Ica, Nazca and Juanita.

Friends and Family;

I am in the wonderfully colonial city of Arequipa, famous for “Juanita,” Colca canyon and the wild parties that rage on every Saturday night.  More on that in a minute.

About a week ago I left the wonderful city of Ayacucho for the city of Ica, famous for a desert oasis on the outskirts of town called Huacachina.  Tourism is supposed to be all the rage, with activities ranging from sandboarding to dune hiking to watch the sunset.  Everything was supposed to be really fun and cool for a night, but it wasn’t so.  As my luck would have it, the hostel I thought I had booked was not actually the hostel I’d booked, and I found myself leaving Huacachina fifteen minutes after I got there, to end up in the middle of the boonies of Ica.  I was very impressed with myself at that point.  This, of course, didn’t really allow me to fully appreciate the wonders of Ica, and I left early in the morning to get on the next bus to Nazca.
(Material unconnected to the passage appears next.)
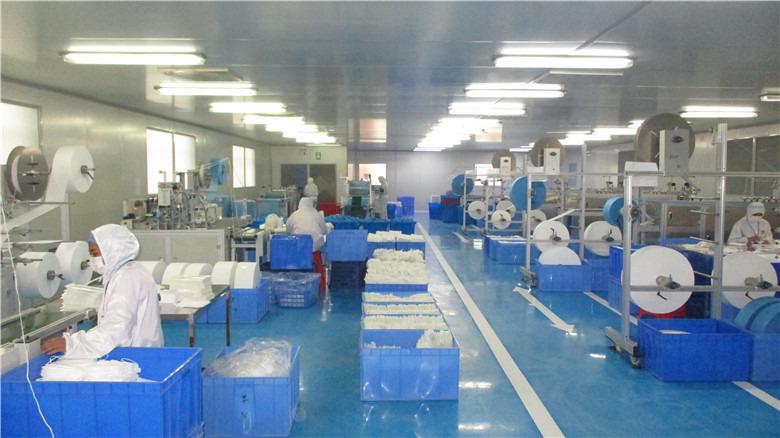 Verified China supplier - Jiangxi Haifute Sanitation Industrial Trade Co., Ltd.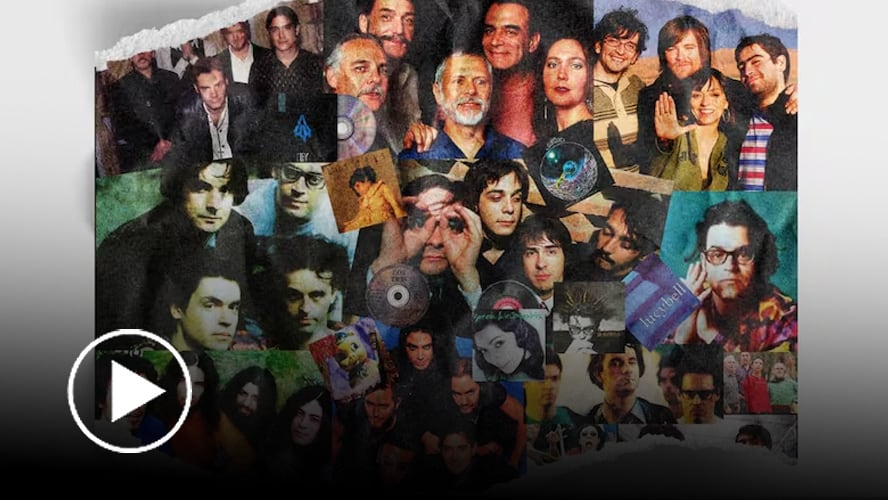Día del rock chileno: los discos que marcaron a los periodistas de La Tercera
Nazca is a word rarely ever heard unless it has the word “lines” next to it.  The glyphs sit on the desert floor and are perfect geometric patterns that one can see from far above for aboute $US 90, which I of course didn’t do.  I did however take the bus out to the lookout points and enjoyed the glyphs that way, returning later on to eat with some Swiss guys I’d met at a local museum.  Thus ended my experience in the desert towns of Peru.

A night bus later, I pulled into Arequipa, a city that has a resonating reputation even before you get there.  The bus was completely full with a French tour group, and they were most definately not going to Peru to enjoy the colonial architecture. During the whole bus ride, I saw several flasks full of what they claimed was unmixed pisco (the local liquor), and they got louder and louder, no matter how high the attendant cranked the volume on the horrible Adam Sandler movie.  A wonderful bus ride it was, and not much sleep was had.

Arequipa was quieter when I got in.  With its reputation, I was expecting a party to be raging when I pulled in around 2am, but no such party was happening.  Instead, everybody was quiet, in their beds and snoring away (loudly).  The brass-knuckle-wearing security guard showed me to my bed and I fell asleep.

The next day I woke up and went to discover “Juanita,” the ice maiden of Arequipa.  Several years ago, a mountainer came accross a well-preserved mummy on the Ampato mountain.  The girl was 12 or 13 years old, and as was obvious to the researchers, a sacrifice made to appease the mountain god.  The body, having sat in a hole in the ground at -10 degrees for several hundred years, was very well preserved and now sits in a glass freezer in a local museum, the crown jewel of a well-done exhibition.

I thoroughly enjoyed this museum, but I did not enjoy it nearly as much as the hungover French tour group.

2 thoughts on “Ica, Nazca and Juanita.

  1. Hi Corrigan, Jacqueline and I are really enjoying your adventures, you have a gift for writing. We look forward to the next adventure. Thank you very much!